Pires, who was the lover of major Alfredo Reinado, who was shot dead inside Ramos Horta's compound on the morning of February 11, was nowhere near the place. It hasnever been suggested she was. Yet Pires has been hit with 19 charges of attempted murder and one charge of conspiring to kill the President.

The 10 surviving rebels who accompanied Reinado each have been charged with 12 counts of attempting to kill the President. How that works out is anyone's guess, other than to say East Timor has created a new kind of gender imbalance.

Likewise, the 17 rebels led by Reinado's offsider, lieutenant Gastao Salsinha, who fired on Prime Minister Xanana Gusmao's motorcade that same morning, have each been charged with seven counts of attempted homicide.

The rebels have given accounts of how Pires, in the days before the shooting, allegedly gave Reinado one joint, which he forced them to smoke.

They say because of this one joint they became fearless and went down to Dili to do their business. And they blame Pires for it.

Pires is limited in what she can say. She has only proclaimed her innocence and said the matter was in God's hands.

It is, however, in the hands of the court. Prosecutor-General Longuinhos Monteiro alleges Pires urged Renaido to go to Dili and attack the leaders. If that is so, she ought to be charged with conspiracy to murder, not attempted homicide.

For the 24 years of Indonesian occupation, East Timor seemed a long way from Darwin. The liberation built a sudden bridge, and once the Interfet soldiers had cleared the streets, Dili became a town of celebration as the diaspora made its way home, along with all sorts of suspicious "logistics" companies, carpetbaggers and the UN.

There was a belief that there would be strong business links to Timor and that the fabled gateway to Asia would finally find a partnership between Darwin and Dili.

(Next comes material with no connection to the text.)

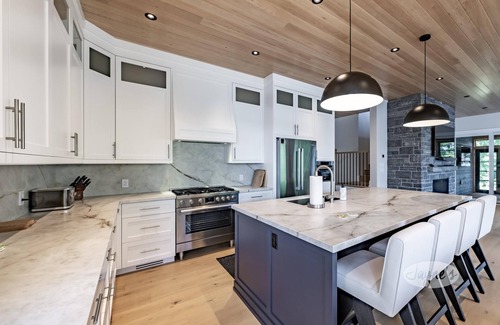 Rosseau Cabaña | 5 bed 4 bath cottage on Lake Rosseau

The Northern Territory Government put a man in Dili to pave the way for Australian business and, for a while, it looked as if there was some progress. That all seems to have fallen apart.

The Australian lawyers who went after 1999 to help the legal system get a solid footing have since vanished, repelled by apparent corruption and the propensity of the place to explode into violence. For those who condemned the Fretilin government -- and I was one of them -- it now seems that they were a better lot than the great libertines who replaced them.

Gusmao has been to Darwin and Canberra, asking Australia to take Timorese guest workers. It doesn't seem a bad idea and once again reinforces how close we are, geographically. But that's all.

Pires's mother, Maria, 70, who left Timor in 1975 and lives in an old housing commission home in Darwin's northern suburbs, always hoped to return to Dili one day.

"From the beginning I had planned to go back," she says. "But there was still so much trouble after 1999. Then came the problem of Angie. We fought a lot for justice, peace and independence, for the people of East Timor; now there is no justice. Nothing makes me want to go back. Dili seems far, far away. It's lost all the hope it had, it's so disappointing."